Animation of ionocaloric cooling

Animation of the ionocaloric cooling process. Electric current flow causes ions to induce a solid to liquid phase transition in a material, and the material absorbs heat from the surroundings. Reversed current flow removes the ions, causing the material to recrystallize into a solid and release heat. (Lawrence Berkeley National Laboratory image by Jenny Nuss.)


Experiments have shown a larger adiabatic temperature change and entropy change per unit mass and volume for the ionocaloric system as compared with other caloric effects at equivalent low applied field strengths.[7] There's a 30% Carnot cycle efficiency and a temperature change as high as 25°C at about 0.22 volts.[7] Says study author, Drew Lilley,
"There's potential to have refrigerants that are not just GWP [global warming potential]-zero, but GWP-negative... Using a material like ethylene carbonate could actually be carbon-negative, because you produce it by using carbon dioxide as an input. This could give us a place to use CO2 from Carbon capture."[9]

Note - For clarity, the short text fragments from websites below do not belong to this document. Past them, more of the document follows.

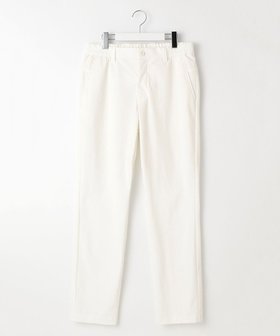 【23区 ゴルフ/23区GOLF / MEN】の【MEN】【接触冷感/UVケア/ストレッチ】テーパードパンツ 人気、トレンドファッション・服の通販 founy(ファニー) ファッション Fashion メンズファッション MEN ボトムス Bottoms/Men ゴルフ Golf ストレッチ Stretch テーパード Tapered ベーシック Basic ポケット Pocket メッシュ Mesh ラウンド Round 夏 Summer 旅行 Travel 春 Spring S/S・春夏 Ss・Spring/Summer |ID:prp329100004570213
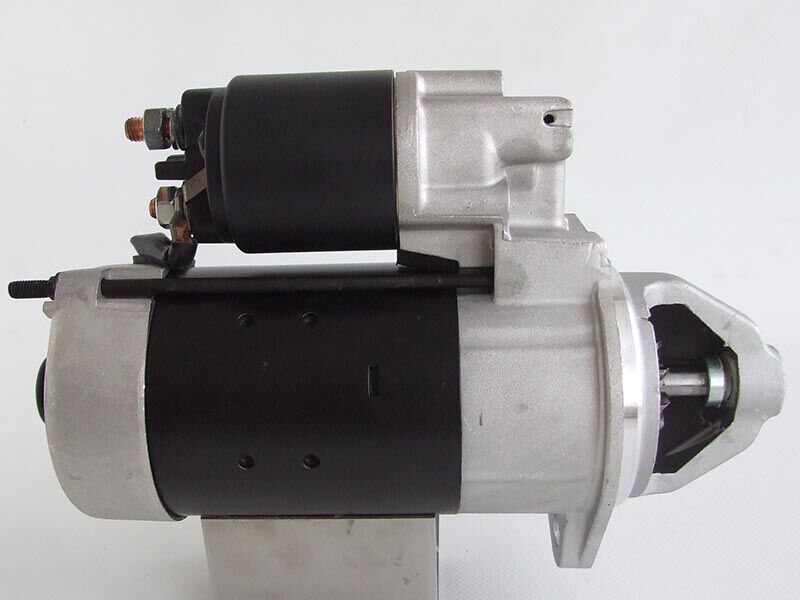 Elektropokretac bosch khd 12v 2.3kw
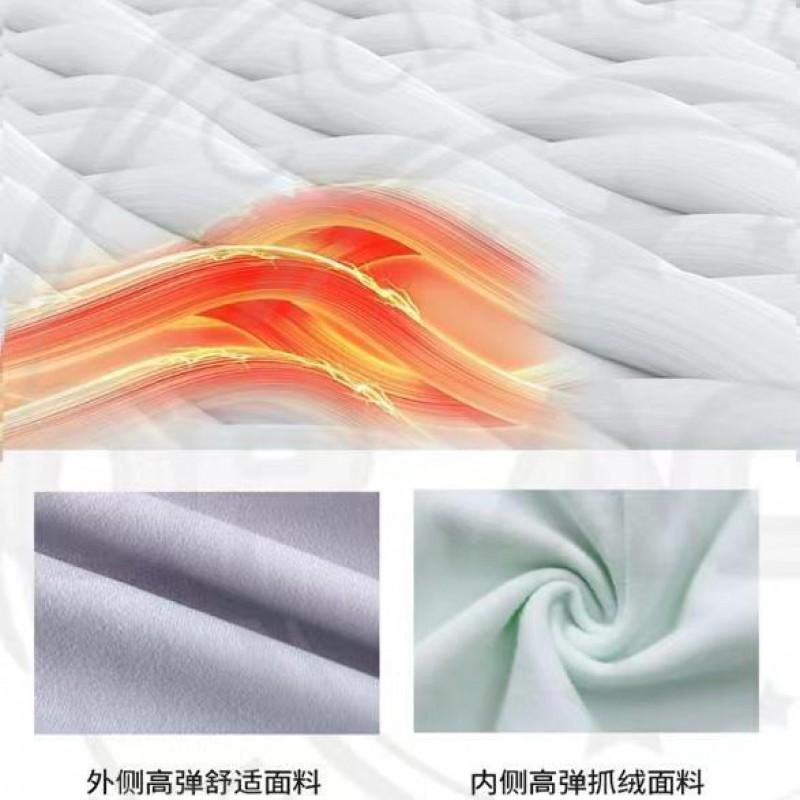Mens Thermal Fleece Long Sleeve Cycling Jersey Set Winter Bike Riding Apparel With Optional Bib Shorts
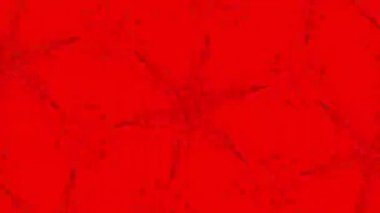 Kusursuz VJ Model Arkaplanı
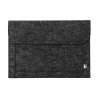 Custodia per Laptop in Feltro RPET 15" - Accessorio riciclabile a prezzi all'ingrosso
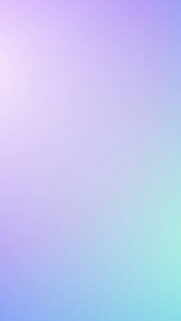 Pastel Aura Energy Healing and Manifestation Smartphone Wallpaper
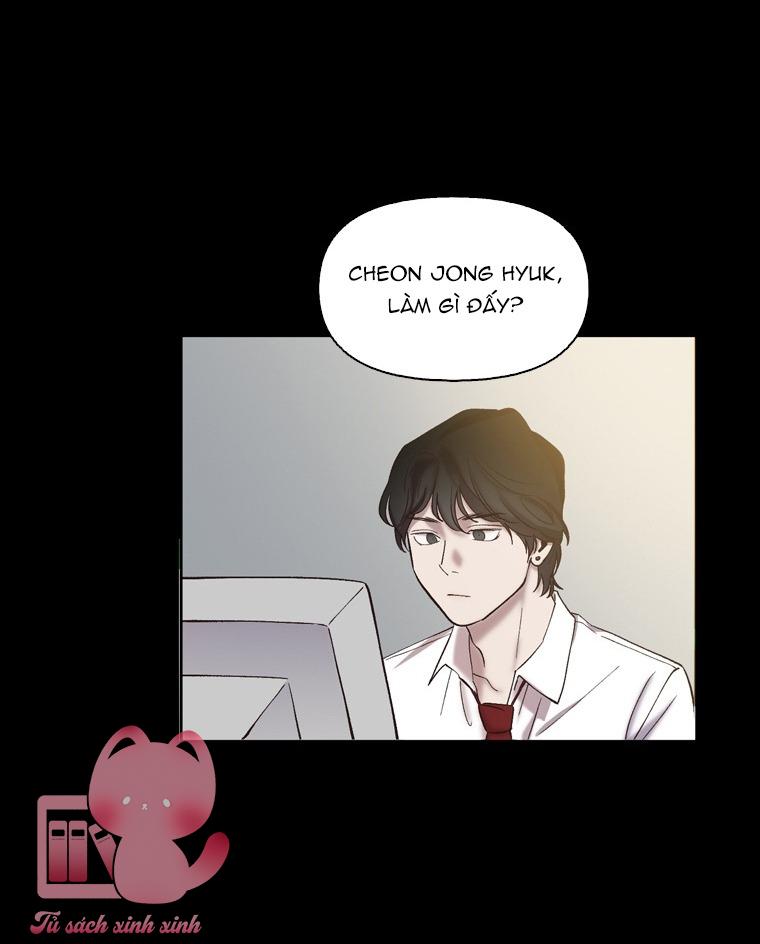 Thanh Xuân Của Chúng Ta Chap 87 - Trang 4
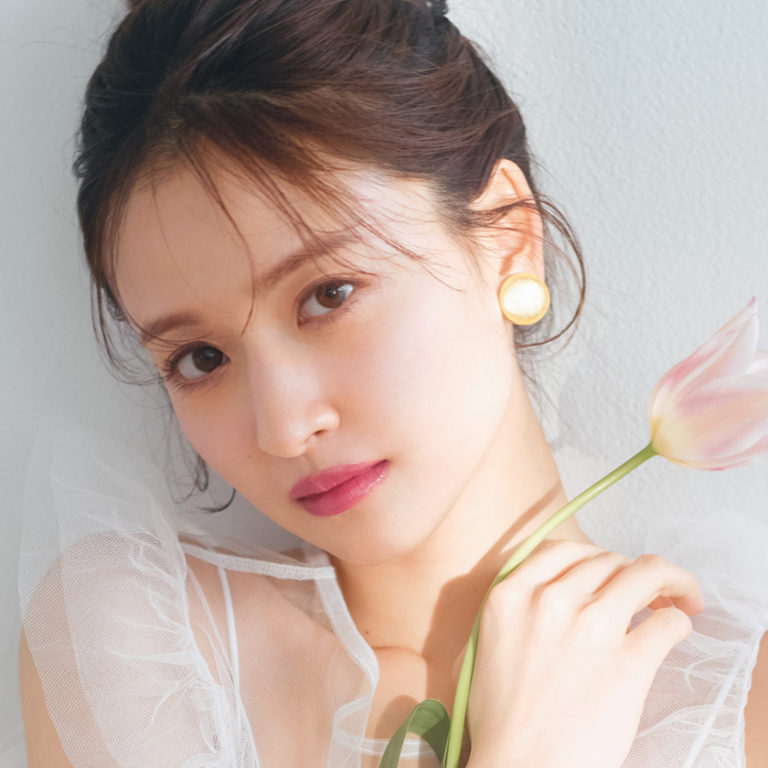 金川紗耶(乃木坂46)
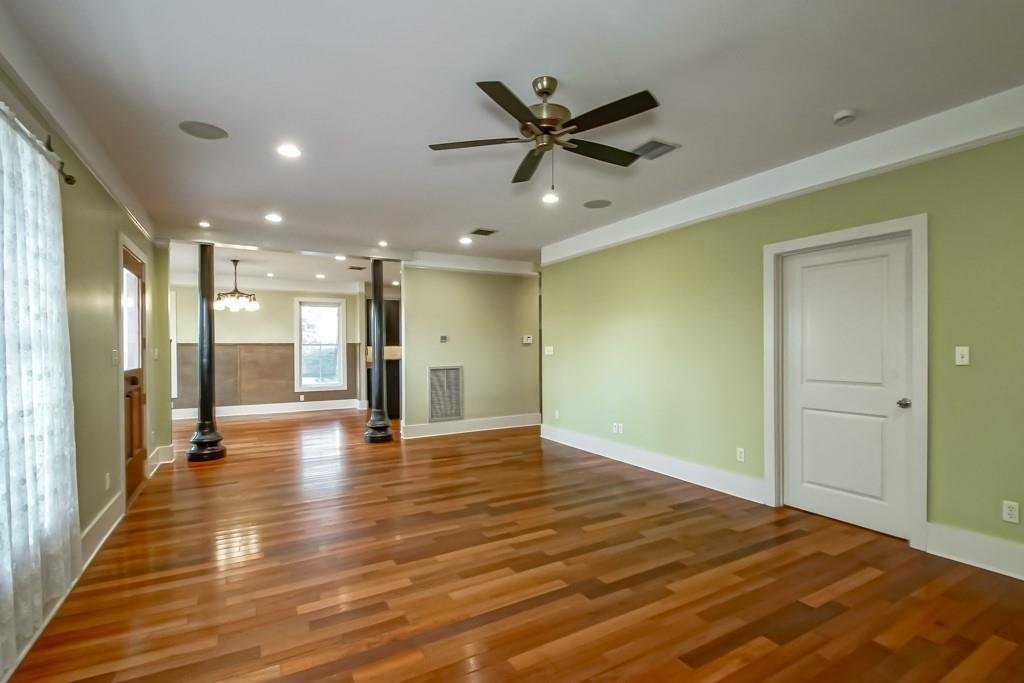 House in New Orleans, Louisiana, United States 5 - 18445975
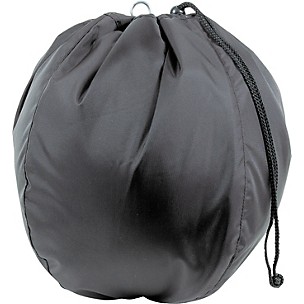 Arriba Cases AC-71 12" Mirror Ball Lighting Bag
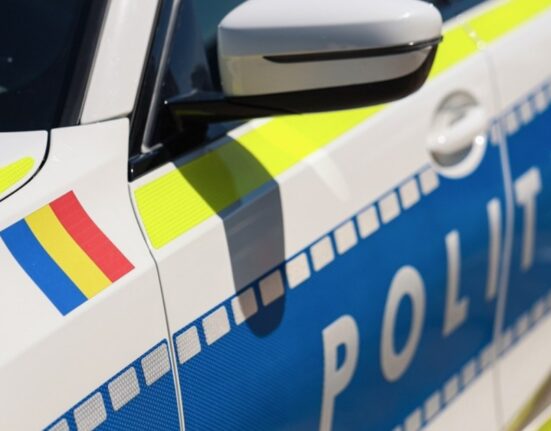 Cadavru găsit în Munții Maramureșului, într-o zonă frecvent utilizată de refugiați ucraineni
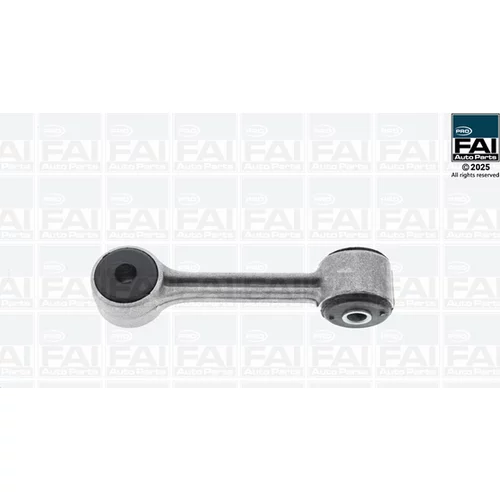 Tyč/Vzpera stabilizátora FAI AutoParts FPSL0517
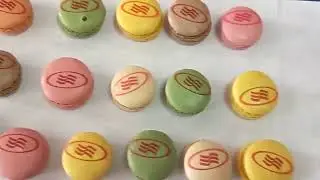 A4 Edible Ink Printer - Photo Bake Shop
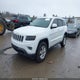 1C4RJFAG3EC184441 2014 Jeep Grand Cherokee Laredo auction photo thumbnail 2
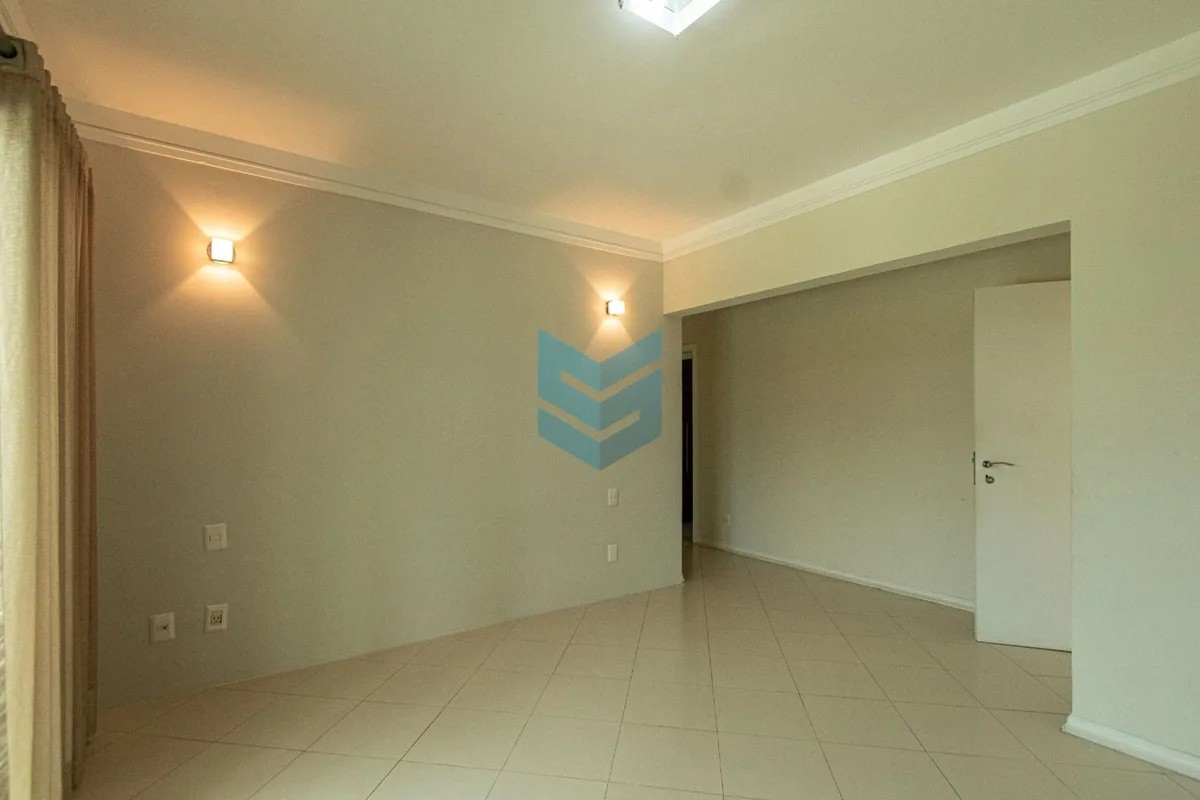 Casa 4 quartos Vila Haro - Sorocaba - foto 36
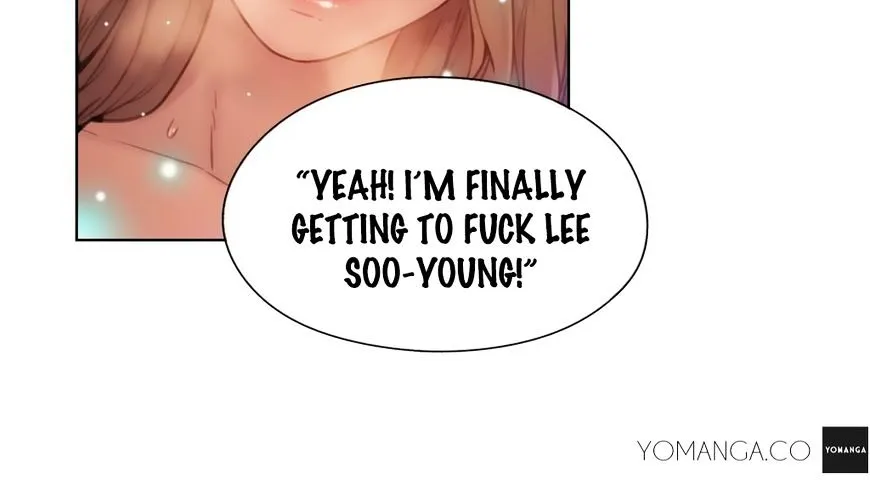 Sweet Guy Mangakakalot X Chapter 44 Page 53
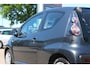 Citroën C1 1.0-12V 3-DRS Automaat | Airco | Apk maart 2026 |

The ionocaloric cycle can be used for heating as well as cooling.[9] What's needed before commercialization are experiments on different combinations of materials and development of the components for an actual refrigeration unit.[9] Lilley and Prasher have filed a provisional patent application for the ionocaloric refrigeration cycle.[9] Research funding was provided by the United States Department of Energy in its Energy Efficiency and Renewable Energy Building Technologies Program.[7,9]

References:

  1. Timeline of Refrigerators and Low-Temperature Technology, History of Refrigeration Website.
  2. Gene Dannen, The Einstein-Szilard Refrigerators, Scientific American, January 1997, pp. 90-95.
  3. Albert Einstein and Leo Szilard, "Refrigeration," US patent No. 1,781,541, November 11, 1930 (via Google Patents).
  4. Anders Smith, "Who discovered the magnetocaloric effect?" The European Physical Journal H, vol. 38, no 4 (September,2013), pp 507-517.
  5. V. K. Pecharsky and K. A. Gschneidner, Jr., "Giant Magnetocaloric Effect in Gd5(Si2Ge2)," Phys. Rev. Lett., vol. 78 (June 9, 1997), Document No. 4494, DOI: http://dx.doi.org/10.1103/PhysRevLett.78.4494.
  6. J. M. Elbicki, L. Y. Zhang, R. T. Obermeyer, and W. E. Wallace, "Magnetic studies of (Gd1−x M x )5Si4 alloys (M=La or Y)," J. Appl. Phys., vol. 69, no. 8 (April 15, 1991), pp. 5571ff.
  7. Drew Lilley and Ravi Prasher, "Ionocaloric refrigeration cycle," Science, vol. 378, no. 6626 (December 22, 2022), pp. 1344-1348, DOI: 10.1126/science.ade1696.
  8. Emmanuel Defay, "Cool it, with a pinch of salt," Science, vol. 378,no. 6626 (December 22, 2022), p. 1275, DOI: 10.1126/science.adf5114.
  9. Lauren Biron, "Berkeley Lab Scientists Develop a Cool New Method of Refrigeration," Lawrence Berkeley National Laboratory Press Release, January 3, 2023.
  10. Presenting "ionocaloric" refrigeration: A new approach to efficient and sustainable cooling, American Association for the Advancement of Science Press Release, December 22, 2022.